Exercise details: What the answer must hold is the line containing "Gold Amara Evil" and all lines after it through the end of the listing, copied exactly, with pictures left out.

Data for this exercise:
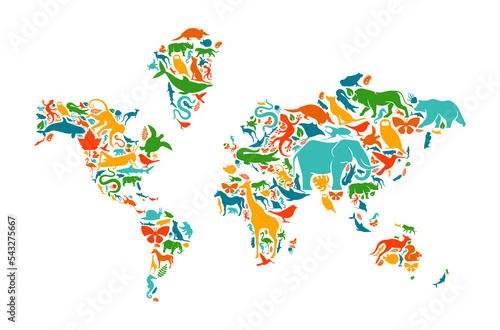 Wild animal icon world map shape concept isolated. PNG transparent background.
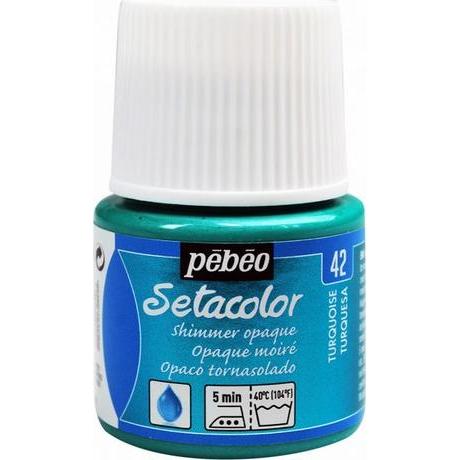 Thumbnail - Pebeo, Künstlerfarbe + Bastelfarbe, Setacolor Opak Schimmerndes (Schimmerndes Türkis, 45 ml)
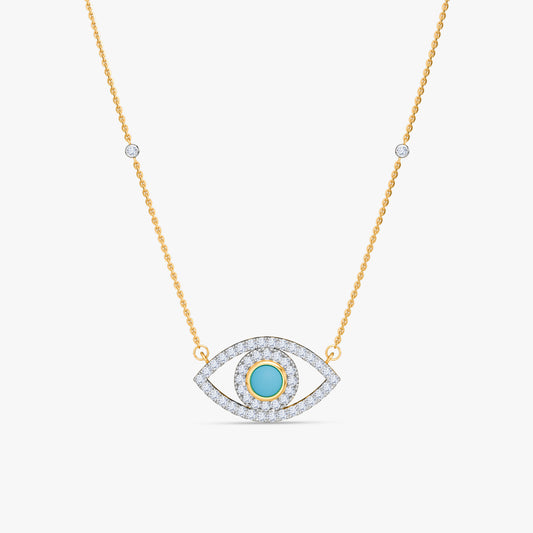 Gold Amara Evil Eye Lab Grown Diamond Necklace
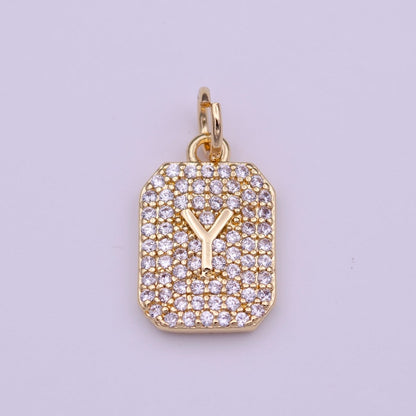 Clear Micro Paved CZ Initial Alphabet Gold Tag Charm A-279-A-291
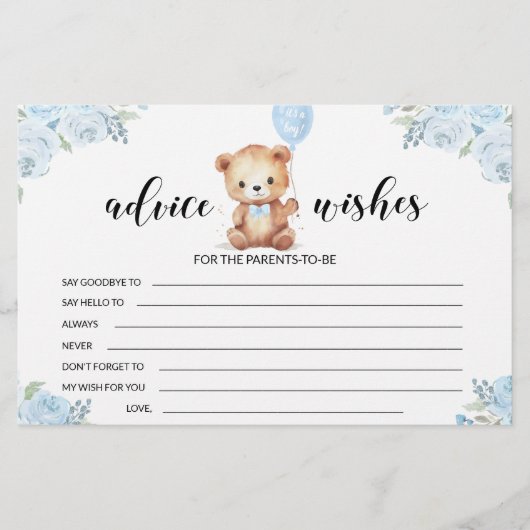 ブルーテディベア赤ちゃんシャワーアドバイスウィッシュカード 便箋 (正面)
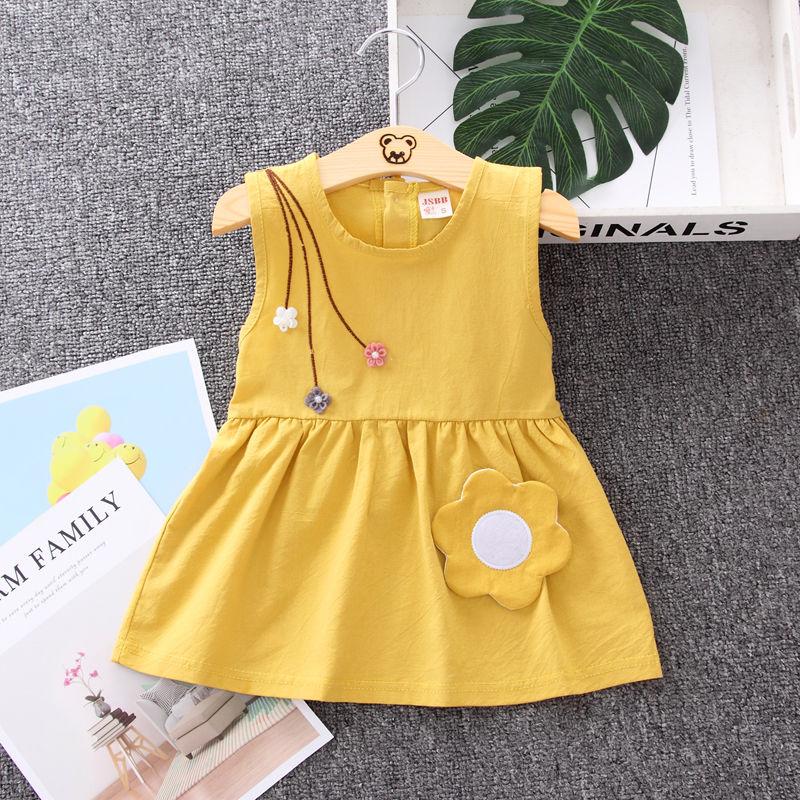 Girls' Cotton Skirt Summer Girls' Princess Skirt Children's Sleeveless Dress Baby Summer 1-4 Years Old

Result of this exercise:
 Gold Amara Evil Eye Lab Grown Diamond Necklace
 Clear Micro Paved CZ Initial Alphabet Gold Tag Charm A-279-A-291
 ブルーテディベア赤ちゃんシャワーアドバイスウィッシュカード 便箋 (正面)
 Girls' Cotton Skirt Summer Girls' Princess Skirt Children's Sleeveless Dress Baby Summer 1-4 Years Old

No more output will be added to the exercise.